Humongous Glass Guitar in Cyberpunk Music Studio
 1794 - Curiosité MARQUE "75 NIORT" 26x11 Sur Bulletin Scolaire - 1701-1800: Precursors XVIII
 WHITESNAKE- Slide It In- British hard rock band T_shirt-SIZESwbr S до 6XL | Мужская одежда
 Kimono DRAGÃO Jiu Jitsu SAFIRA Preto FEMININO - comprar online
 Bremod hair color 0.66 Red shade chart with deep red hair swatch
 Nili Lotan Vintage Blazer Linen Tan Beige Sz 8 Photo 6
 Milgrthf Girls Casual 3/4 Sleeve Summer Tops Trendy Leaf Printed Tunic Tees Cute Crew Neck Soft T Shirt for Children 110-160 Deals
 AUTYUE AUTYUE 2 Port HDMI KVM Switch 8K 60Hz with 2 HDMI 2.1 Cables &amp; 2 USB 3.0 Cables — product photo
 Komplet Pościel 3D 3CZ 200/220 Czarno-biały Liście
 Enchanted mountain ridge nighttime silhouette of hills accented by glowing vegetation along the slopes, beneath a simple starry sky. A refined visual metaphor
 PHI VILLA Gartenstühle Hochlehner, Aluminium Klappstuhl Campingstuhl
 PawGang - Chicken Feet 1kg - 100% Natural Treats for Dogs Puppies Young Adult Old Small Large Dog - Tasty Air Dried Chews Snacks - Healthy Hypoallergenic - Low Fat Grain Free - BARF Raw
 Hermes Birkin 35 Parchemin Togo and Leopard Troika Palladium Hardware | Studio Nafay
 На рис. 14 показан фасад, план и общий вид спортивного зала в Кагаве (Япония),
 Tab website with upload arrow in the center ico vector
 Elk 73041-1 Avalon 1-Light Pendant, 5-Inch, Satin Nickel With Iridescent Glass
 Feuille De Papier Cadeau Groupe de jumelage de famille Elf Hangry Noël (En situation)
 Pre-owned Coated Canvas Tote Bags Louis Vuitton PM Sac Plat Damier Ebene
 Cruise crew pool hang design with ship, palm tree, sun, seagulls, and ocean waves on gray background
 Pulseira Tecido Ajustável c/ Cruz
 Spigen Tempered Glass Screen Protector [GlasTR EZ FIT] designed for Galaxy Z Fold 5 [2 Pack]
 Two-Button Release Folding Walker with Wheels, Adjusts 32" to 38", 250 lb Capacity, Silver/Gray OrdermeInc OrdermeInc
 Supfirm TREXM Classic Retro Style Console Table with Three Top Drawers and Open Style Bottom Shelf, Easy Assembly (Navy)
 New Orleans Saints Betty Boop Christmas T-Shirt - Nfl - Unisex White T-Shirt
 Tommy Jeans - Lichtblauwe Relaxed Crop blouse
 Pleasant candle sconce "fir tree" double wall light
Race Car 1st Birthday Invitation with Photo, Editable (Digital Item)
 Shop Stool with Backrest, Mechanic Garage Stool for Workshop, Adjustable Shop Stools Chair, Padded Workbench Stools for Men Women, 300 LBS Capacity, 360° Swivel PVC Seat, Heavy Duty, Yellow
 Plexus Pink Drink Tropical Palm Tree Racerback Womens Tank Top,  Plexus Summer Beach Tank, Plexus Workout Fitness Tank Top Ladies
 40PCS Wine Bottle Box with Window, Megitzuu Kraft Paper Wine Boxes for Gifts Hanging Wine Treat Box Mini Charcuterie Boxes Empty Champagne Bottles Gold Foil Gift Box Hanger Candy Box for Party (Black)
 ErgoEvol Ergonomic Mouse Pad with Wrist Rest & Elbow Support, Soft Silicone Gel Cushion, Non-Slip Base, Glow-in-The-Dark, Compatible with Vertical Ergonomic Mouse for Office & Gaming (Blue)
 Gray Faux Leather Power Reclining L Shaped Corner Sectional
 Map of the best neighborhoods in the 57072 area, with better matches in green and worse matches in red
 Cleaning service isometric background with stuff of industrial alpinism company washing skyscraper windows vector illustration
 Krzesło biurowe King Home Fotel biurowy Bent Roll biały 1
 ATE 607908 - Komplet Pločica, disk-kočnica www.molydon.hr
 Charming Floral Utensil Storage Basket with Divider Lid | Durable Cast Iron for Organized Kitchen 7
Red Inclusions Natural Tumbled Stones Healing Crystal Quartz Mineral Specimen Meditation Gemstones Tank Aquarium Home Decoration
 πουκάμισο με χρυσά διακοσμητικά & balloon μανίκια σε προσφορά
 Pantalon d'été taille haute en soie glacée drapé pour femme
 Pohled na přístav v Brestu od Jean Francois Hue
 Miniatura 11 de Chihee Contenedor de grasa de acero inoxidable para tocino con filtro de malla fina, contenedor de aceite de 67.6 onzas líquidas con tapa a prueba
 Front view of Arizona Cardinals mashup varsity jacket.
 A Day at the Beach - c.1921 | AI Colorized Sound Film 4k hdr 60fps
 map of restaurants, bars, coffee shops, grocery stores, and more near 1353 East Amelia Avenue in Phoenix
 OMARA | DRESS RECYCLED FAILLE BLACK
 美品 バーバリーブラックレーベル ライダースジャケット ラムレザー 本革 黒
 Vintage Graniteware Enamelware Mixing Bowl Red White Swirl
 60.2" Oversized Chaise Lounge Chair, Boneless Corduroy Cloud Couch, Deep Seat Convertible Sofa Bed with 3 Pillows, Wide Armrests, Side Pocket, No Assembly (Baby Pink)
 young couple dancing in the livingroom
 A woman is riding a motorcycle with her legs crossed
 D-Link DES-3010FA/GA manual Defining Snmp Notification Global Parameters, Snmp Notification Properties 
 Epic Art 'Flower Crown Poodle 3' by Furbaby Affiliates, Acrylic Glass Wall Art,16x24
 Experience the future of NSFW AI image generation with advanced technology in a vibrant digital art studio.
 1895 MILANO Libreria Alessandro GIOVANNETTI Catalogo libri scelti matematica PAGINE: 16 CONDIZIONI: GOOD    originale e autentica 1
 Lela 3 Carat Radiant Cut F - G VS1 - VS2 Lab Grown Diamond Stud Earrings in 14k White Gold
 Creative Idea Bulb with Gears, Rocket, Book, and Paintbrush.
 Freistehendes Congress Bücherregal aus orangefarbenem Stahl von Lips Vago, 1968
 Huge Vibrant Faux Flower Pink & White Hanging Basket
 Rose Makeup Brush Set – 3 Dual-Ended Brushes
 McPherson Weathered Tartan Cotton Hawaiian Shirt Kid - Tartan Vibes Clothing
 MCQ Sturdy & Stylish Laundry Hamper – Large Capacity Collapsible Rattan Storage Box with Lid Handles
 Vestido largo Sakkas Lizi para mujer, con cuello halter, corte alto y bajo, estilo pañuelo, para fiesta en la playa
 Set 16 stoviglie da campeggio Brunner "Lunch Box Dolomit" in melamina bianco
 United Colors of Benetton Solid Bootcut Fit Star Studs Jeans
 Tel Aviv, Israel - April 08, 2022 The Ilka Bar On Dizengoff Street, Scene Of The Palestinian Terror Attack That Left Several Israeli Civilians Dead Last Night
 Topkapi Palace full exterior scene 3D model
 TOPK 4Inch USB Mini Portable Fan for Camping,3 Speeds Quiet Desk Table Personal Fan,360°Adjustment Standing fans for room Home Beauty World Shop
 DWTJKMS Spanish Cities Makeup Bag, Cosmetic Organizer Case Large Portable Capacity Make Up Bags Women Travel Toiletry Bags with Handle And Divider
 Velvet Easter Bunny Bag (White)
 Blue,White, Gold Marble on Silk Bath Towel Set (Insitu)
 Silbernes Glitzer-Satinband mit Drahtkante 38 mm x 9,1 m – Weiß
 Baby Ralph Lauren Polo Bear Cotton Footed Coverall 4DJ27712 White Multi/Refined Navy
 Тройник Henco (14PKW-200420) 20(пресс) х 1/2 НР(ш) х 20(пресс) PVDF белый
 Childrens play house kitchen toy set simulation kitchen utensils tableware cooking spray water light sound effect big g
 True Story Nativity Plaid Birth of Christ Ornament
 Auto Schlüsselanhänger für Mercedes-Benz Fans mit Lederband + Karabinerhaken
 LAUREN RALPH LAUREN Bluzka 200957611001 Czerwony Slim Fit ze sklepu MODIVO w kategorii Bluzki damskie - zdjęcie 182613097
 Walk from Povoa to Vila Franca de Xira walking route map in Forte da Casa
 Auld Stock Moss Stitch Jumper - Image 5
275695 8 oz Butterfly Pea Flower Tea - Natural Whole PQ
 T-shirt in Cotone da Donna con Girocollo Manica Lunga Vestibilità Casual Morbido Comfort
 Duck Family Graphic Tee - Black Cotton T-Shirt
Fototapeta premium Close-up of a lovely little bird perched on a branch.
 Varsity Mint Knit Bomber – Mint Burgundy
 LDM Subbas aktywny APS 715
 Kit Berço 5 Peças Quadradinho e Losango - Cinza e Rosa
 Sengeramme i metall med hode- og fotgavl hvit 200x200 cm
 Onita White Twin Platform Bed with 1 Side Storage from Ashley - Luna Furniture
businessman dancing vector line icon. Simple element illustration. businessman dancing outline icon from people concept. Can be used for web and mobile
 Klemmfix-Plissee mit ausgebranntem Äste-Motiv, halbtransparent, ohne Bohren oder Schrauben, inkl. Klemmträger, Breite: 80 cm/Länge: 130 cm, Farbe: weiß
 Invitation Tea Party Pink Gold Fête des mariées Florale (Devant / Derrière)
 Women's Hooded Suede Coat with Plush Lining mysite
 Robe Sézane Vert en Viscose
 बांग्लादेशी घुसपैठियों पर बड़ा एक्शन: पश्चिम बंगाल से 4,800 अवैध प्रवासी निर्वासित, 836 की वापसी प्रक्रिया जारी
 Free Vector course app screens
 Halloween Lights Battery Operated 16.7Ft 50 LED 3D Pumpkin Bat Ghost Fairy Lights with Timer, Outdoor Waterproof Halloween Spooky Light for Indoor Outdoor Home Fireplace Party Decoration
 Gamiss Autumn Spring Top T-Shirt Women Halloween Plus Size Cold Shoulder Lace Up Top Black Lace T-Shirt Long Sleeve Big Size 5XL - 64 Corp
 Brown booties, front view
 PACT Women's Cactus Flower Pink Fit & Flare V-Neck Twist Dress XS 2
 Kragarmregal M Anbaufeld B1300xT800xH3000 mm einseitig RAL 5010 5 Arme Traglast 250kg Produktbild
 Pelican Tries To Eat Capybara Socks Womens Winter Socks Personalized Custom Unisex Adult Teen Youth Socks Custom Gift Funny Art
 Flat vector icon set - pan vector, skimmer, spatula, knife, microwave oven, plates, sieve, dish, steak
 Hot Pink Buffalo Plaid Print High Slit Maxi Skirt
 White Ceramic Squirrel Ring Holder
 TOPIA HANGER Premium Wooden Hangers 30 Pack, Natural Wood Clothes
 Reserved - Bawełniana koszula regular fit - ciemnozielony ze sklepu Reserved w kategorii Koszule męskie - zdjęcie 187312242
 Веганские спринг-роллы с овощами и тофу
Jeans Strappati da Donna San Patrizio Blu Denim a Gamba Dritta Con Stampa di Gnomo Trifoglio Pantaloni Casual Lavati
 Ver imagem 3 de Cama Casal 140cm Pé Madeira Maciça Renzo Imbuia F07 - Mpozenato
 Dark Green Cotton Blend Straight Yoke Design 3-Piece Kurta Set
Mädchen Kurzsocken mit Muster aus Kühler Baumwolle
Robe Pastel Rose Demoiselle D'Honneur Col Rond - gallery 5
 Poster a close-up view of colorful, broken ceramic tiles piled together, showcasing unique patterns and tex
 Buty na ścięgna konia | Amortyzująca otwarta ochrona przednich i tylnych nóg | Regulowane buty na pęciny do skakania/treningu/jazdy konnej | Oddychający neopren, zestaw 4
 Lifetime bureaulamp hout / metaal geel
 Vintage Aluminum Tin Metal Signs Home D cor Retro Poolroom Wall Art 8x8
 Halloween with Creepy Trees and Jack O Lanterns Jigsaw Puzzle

> **Required work**
Could you restate, word for word, the lines above from the one with "WHITESNAKE- Slide It" to the one with "Tab website with", both included?

> **Response area**
 WHITESNAKE- Slide It In- British hard rock band T_shirt-SIZESwbr S до 6XL | Мужская одежда
 Kimono DRAGÃO Jiu Jitsu SAFIRA Preto FEMININO - comprar online
 Bremod hair color 0.66 Red shade chart with deep red hair swatch
 Nili Lotan Vintage Blazer Linen Tan Beige Sz 8 Photo 6
 Milgrthf Girls Casual 3/4 Sleeve Summer Tops Trendy Leaf Printed Tunic Tees Cute Crew Neck Soft T Shirt for Children 110-160 Deals
 AUTYUE AUTYUE 2 Port HDMI KVM Switch 8K 60Hz with 2 HDMI 2.1 Cables &amp; 2 USB 3.0 Cables — product photo
 Komplet Pościel 3D 3CZ 200/220 Czarno-biały Liście
 Enchanted mountain ridge nighttime silhouette of hills accented by glowing vegetation along the slopes, beneath a simple starry sky. A refined visual metaphor
 PHI VILLA Gartenstühle Hochlehner, Aluminium Klappstuhl Campingstuhl
 PawGang - Chicken Feet 1kg - 100% Natural Treats for Dogs Puppies Young Adult Old Small Large Dog - Tasty Air Dried Chews Snacks - Healthy Hypoallergenic - Low Fat Grain Free - BARF Raw
 Hermes Birkin 35 Parchemin Togo and Leopard Troika Palladium Hardware | Studio Nafay
 На рис. 14 показан фасад, план и общий вид спортивного зала в Кагаве (Япония),
 Tab website with upload arrow in the center ico vector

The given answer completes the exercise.